We the People (originally We the People with Gloria Allred, now We the People with Judge Lauren Lake) is an American dramatized court show that originally ran for 2 seasons, debuting on September 12, 2011, and airing in first-run syndication. The series was originally presented by celebrity lawyer Gloria Allred.

The series was revived in 2022 with family lawyer and legal analyst Lauren Lake presiding as arbitrator. It was renamed We the People with Judge Lauren Lake to reflect this.

== with Gloria Allred (2011–13) ==
The series depicted reenactments of real-life court cases, with Allred playing a judge character. Most of the cases were part scripted and part improvised, with audience participation. No money exchanged hands after the "judgment". This format was similar to other Entertainment Studios' court shows, such as America's Court with Judge Ross, Justice for All with Judge Cristina Perez, and Supreme Justice with Judge Karen.

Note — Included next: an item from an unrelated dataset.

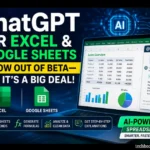 ChatGPT for Excel and Google Sheets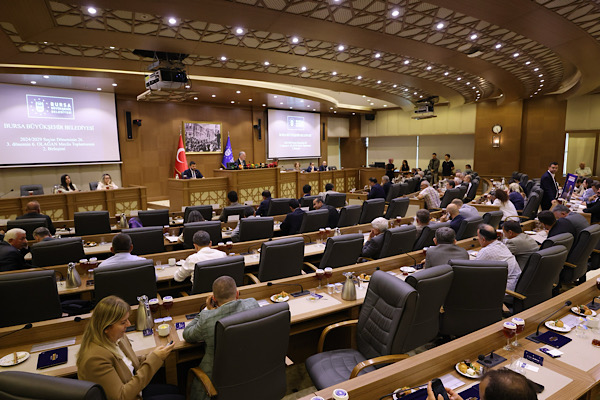 Bursa Batı Bölgesi Katı Atık Entegre Tesisi planı meclisten geçti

We the People With Gloria Allred was renewed for its second and third seasons in March 2012, but NBC Owned Television Stations did not continue to air the series after its first season. During the 2012–2013 season, Entertainment Studios' court shows were the lowest rated in the entire court show genre and We the People was scored the lowest of the three court shows produced by the company.

== with Lauren Lake (2022–) ==
In 2021, Byron Allen's Entertainment Studios announced a revival of the program in the fall of 2022, with family lawyer and legal analyst Lauren Lake as presiding judge. Lake hosted the Daytime Emmy Award winning court show Lauren Lake's Paternity Court for 7 seasons. It premiered in 2022.

In May 2025, this show along with the other Allen Media Group court shows were renewed for 2 more seasons, running through the 2026–27 television season.